# [EXERCISE]
Find the line with "Sunrise from cirrostratus" in the entries below, then reproduce it and every line after it down to and including the line with "Trung tâm hội", exactly.

# [TASK INPUTS]
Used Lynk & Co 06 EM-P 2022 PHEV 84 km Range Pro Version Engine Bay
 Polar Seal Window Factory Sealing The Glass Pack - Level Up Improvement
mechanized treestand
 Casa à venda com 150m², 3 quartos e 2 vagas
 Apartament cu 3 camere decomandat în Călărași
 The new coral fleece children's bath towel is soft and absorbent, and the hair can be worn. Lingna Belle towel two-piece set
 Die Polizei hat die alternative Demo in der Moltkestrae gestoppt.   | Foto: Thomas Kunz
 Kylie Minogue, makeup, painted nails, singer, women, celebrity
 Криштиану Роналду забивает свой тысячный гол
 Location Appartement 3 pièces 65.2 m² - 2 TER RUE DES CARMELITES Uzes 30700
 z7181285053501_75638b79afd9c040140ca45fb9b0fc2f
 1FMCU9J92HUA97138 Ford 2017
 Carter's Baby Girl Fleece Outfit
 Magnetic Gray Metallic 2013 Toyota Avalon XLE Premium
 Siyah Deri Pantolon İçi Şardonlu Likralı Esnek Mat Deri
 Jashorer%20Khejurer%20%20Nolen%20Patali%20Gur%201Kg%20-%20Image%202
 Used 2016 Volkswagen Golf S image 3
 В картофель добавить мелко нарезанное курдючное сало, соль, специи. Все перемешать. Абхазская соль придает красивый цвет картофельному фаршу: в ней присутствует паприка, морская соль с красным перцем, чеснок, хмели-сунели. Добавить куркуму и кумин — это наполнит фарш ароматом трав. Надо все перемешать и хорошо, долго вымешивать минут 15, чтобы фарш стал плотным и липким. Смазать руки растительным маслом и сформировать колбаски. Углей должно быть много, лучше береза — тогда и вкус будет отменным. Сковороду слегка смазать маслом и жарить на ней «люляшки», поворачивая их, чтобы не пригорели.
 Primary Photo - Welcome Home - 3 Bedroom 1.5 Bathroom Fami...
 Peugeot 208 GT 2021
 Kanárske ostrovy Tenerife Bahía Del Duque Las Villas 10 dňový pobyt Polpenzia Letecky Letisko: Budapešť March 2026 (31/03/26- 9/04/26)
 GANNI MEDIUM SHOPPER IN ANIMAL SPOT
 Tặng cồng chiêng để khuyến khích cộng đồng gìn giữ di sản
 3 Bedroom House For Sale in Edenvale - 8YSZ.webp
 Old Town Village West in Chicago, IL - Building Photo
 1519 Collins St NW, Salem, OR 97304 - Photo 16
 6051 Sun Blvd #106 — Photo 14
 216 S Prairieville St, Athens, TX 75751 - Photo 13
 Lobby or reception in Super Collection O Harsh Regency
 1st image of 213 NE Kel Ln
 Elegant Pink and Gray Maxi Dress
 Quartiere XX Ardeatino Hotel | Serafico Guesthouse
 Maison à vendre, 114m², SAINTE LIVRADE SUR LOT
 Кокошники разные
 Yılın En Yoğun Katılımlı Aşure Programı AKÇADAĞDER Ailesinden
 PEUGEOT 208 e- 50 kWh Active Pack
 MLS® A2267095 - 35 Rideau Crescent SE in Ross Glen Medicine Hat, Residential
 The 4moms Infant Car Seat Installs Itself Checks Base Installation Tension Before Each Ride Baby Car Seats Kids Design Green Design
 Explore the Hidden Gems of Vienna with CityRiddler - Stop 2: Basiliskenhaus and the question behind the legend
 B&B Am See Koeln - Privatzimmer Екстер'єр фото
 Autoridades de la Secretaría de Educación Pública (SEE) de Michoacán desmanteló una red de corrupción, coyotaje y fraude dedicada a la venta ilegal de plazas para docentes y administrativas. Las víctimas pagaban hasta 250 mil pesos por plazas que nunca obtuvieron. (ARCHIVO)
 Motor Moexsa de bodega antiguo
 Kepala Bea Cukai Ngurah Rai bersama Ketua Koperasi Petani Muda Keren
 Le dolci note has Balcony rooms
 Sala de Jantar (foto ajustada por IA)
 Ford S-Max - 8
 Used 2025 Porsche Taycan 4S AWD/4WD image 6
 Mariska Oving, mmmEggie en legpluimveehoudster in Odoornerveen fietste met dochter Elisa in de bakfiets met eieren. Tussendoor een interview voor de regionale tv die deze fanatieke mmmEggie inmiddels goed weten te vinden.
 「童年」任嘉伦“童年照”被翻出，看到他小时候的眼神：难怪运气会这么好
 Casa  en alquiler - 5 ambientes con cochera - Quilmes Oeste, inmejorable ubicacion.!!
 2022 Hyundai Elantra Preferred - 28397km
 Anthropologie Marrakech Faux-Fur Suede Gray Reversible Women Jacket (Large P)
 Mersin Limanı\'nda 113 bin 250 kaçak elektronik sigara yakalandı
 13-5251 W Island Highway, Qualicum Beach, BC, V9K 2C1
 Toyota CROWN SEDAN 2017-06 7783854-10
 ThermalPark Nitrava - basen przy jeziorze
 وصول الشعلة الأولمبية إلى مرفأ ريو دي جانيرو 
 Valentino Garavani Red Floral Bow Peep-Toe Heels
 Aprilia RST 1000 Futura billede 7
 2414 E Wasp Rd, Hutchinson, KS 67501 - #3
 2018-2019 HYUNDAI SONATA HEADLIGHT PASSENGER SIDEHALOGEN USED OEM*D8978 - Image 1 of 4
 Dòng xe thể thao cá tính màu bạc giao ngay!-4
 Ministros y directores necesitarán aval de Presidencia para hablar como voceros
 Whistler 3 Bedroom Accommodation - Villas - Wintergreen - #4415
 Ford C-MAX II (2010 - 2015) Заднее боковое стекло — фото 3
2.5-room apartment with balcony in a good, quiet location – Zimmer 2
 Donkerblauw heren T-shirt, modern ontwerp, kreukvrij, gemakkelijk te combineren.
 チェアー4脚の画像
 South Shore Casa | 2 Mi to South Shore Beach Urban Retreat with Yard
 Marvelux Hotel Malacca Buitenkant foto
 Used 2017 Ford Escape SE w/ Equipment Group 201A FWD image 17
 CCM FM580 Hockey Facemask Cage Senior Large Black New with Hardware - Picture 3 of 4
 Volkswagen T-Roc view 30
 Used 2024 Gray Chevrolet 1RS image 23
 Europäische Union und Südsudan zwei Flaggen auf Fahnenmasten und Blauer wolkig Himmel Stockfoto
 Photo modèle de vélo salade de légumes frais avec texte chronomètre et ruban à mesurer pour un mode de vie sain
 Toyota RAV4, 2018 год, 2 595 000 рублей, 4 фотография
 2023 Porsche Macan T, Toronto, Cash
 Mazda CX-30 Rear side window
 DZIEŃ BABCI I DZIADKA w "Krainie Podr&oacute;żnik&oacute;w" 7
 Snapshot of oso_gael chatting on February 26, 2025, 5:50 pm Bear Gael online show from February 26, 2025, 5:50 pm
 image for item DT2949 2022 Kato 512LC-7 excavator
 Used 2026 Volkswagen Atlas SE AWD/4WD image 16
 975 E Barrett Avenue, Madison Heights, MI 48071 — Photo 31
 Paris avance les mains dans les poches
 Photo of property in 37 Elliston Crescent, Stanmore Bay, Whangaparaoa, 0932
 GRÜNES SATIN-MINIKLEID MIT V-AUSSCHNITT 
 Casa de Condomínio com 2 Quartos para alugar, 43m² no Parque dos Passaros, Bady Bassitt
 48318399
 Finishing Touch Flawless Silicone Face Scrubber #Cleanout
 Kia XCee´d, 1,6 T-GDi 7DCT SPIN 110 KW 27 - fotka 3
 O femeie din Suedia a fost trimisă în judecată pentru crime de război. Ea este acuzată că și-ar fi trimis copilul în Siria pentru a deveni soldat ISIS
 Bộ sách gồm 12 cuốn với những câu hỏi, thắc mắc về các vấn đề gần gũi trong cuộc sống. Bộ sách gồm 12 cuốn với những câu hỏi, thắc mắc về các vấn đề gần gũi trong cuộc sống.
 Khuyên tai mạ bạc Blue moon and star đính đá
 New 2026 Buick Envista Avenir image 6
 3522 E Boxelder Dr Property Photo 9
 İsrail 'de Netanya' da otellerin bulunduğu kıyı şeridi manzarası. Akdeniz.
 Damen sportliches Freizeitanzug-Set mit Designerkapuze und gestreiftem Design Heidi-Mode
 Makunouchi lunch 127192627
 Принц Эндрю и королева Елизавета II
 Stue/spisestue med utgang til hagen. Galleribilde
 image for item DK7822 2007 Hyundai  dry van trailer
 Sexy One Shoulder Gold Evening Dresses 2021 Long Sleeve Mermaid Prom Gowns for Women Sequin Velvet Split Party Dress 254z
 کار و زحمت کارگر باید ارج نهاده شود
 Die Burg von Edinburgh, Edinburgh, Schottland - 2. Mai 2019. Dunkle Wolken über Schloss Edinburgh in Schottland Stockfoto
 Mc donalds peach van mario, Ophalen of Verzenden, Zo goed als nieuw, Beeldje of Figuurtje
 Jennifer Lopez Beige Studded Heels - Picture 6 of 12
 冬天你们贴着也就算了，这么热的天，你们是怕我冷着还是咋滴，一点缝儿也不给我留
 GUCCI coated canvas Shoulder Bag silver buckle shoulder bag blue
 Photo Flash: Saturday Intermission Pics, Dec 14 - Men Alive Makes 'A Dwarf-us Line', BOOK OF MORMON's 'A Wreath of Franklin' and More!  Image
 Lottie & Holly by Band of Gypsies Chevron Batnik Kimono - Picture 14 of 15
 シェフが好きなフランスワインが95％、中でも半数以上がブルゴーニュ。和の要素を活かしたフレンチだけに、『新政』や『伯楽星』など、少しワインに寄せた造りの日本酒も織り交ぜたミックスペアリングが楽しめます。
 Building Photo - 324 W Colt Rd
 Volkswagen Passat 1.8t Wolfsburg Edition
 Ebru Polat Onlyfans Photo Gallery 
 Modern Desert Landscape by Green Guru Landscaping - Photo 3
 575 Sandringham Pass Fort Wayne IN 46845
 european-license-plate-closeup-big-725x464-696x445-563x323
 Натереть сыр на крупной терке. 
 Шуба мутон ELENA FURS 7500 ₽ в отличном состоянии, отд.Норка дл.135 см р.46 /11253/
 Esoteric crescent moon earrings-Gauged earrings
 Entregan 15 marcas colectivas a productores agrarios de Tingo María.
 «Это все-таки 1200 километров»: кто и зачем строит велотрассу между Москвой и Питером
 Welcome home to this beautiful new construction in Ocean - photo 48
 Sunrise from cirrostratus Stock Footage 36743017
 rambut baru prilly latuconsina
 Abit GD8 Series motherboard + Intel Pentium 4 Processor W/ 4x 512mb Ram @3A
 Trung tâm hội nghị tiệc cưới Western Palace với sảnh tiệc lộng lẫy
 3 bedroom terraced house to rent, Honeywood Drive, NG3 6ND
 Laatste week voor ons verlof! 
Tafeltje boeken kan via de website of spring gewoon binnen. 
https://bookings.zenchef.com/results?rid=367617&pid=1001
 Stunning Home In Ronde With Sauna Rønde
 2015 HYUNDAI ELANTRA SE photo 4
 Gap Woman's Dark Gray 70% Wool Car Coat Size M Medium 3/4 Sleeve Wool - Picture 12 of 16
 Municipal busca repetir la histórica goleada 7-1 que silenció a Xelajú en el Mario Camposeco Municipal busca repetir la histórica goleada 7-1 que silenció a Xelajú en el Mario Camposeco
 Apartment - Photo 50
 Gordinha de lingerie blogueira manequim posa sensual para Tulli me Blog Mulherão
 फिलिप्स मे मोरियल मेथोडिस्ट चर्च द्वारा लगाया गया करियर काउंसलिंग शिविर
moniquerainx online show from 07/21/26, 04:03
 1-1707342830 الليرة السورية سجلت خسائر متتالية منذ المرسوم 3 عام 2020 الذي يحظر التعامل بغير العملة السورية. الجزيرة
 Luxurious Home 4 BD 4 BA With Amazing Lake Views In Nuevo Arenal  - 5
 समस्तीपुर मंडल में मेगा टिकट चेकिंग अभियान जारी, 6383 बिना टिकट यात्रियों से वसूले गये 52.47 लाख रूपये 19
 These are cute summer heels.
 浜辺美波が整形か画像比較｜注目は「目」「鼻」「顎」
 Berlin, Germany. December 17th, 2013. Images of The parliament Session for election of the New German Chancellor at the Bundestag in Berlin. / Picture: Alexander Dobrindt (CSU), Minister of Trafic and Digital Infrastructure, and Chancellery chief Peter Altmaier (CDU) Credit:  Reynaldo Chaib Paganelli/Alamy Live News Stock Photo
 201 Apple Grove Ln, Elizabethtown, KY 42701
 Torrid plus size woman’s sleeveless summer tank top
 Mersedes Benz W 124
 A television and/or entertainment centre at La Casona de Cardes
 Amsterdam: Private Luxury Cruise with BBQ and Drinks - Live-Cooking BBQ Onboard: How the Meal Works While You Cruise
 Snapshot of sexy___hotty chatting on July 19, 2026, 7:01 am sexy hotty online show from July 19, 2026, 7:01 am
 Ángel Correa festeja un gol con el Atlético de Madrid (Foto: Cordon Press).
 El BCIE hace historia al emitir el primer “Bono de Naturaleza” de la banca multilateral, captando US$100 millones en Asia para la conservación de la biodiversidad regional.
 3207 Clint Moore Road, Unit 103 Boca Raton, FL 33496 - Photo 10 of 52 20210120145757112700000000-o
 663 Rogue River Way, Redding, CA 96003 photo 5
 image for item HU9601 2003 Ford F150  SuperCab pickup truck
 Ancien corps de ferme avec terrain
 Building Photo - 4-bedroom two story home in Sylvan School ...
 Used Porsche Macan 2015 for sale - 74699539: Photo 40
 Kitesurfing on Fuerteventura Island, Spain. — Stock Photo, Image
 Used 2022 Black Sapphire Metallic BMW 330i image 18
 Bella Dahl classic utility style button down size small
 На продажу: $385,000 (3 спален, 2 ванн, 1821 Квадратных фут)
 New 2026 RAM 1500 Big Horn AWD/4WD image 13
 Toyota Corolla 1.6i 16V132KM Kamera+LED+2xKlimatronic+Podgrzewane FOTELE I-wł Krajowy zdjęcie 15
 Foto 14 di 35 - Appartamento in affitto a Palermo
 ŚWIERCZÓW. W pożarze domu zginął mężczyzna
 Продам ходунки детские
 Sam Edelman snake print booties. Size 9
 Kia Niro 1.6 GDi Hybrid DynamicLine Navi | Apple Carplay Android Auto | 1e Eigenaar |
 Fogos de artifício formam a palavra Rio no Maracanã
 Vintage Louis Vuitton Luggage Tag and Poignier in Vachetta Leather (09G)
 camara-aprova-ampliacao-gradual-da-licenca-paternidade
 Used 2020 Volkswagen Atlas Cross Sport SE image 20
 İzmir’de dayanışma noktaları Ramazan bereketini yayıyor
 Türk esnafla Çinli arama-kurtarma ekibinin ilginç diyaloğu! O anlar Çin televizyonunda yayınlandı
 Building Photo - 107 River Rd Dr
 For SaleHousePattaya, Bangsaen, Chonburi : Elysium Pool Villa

# [REPLY]
 Sunrise from cirrostratus Stock Footage 36743017
 rambut baru prilly latuconsina
 Abit GD8 Series motherboard + Intel Pentium 4 Processor W/ 4x 512mb Ram @3A
 Trung tâm hội nghị tiệc cưới Western Palace với sảnh tiệc lộng lẫy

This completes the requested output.